Hinshaw, Culbertson, Moelmann, Hoban & Fuller, Stanley J. Davidson and Michael F. Henrick, Chicago, for plaintiffs.

Sullivan, Smith, Hauser & Noonan, Ltd., Leo J. Sullivan, III, Waukegan, for defendants.

REINHARD, Justice:

This appeal arises from an order of the trial court dismissing a counterclaim for contribution brought by defendants Helen A. Buschkamp and Keystone Printing Service, Inc. (Keystone) against Robert B. Larson, father of the minor plaintiffs herein. Suit was brought on behalf of the minor plaintiffs by their mother against defendants Buschkamp, Keystone and Larson. Buschkamp and Keystone filed a counterclaim for contribution against Larson. Larson filed motions to dismiss both the original complaint against him and the counterclaim on the basis of the parent-child tort immunity doctrine. The trial court initially granted the motion to dismiss the complaint brought against Larson by his minor children, and after reviewing briefs and considering arguments of counsel, the trial court also dismissed the counterclaim for contribution. This interlocutory appeal pursuant to Supreme Court Rule 304(a) (73 Ill.2d R. 304(a)) only seeks review of the dismissal of the counterclaim for contribution against Larson.

The allegations in the pleadings and the court proceedings below are briefly summarized. On August 15, 1978, Robert Larson was driving his car in a northerly direction along Milwaukee Avenue, near the intersection with Grand Avenue in Lake Villa, Lake County, Illinois. In the car, as his passengers, were his children, Robert Jr., Ronald and Russell Larson, all unemancipated minors. The Larson car collided with a car owned by Keystone and operated by its employee, Helen Buschkamp, which was traveling in a southerly direction. As a result of the collision the three Larson children were injured.

On August 15, 1980, Marie Larson, as mother and next friend of the Larson children, filed a complaint alleging a cause of action for negligence against Helen Buschkamp, Keystone and Robert Larson.
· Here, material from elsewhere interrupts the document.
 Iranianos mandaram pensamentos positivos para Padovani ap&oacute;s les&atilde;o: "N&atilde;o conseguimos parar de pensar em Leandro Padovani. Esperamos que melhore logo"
The complaint alleged that both defendant drivers were guilty of the negligent operation of their respective motor vehicles.

On November 13, 1980, Buschkamp and Keystone filed a counterclaim seeking contribution from Robert Larson, plaintiffs' father. The counterclaim alleged that Larson was guilty of negligence in the operation of his motor vehicle by driving at an excessive rate of speed, failing to keep a proper lookout, failing to control his vehicle, failing to apply his brakes, failing to yield the right-of-way, failing to decrease the speed of his vehicle to avoid a collision, and otherwise being negligent and careless in his conduct. It further alleged that if judgment is entered against them and in favor of the plaintiffs, that pursuant to Ill.Rev.Stat.1979, ch. 70, par. 302(a) allowing for contribution among joint tortfeasors, they were entitled to contribution from Larson commensurate with his degree of fault found to have contributed to the occurrence.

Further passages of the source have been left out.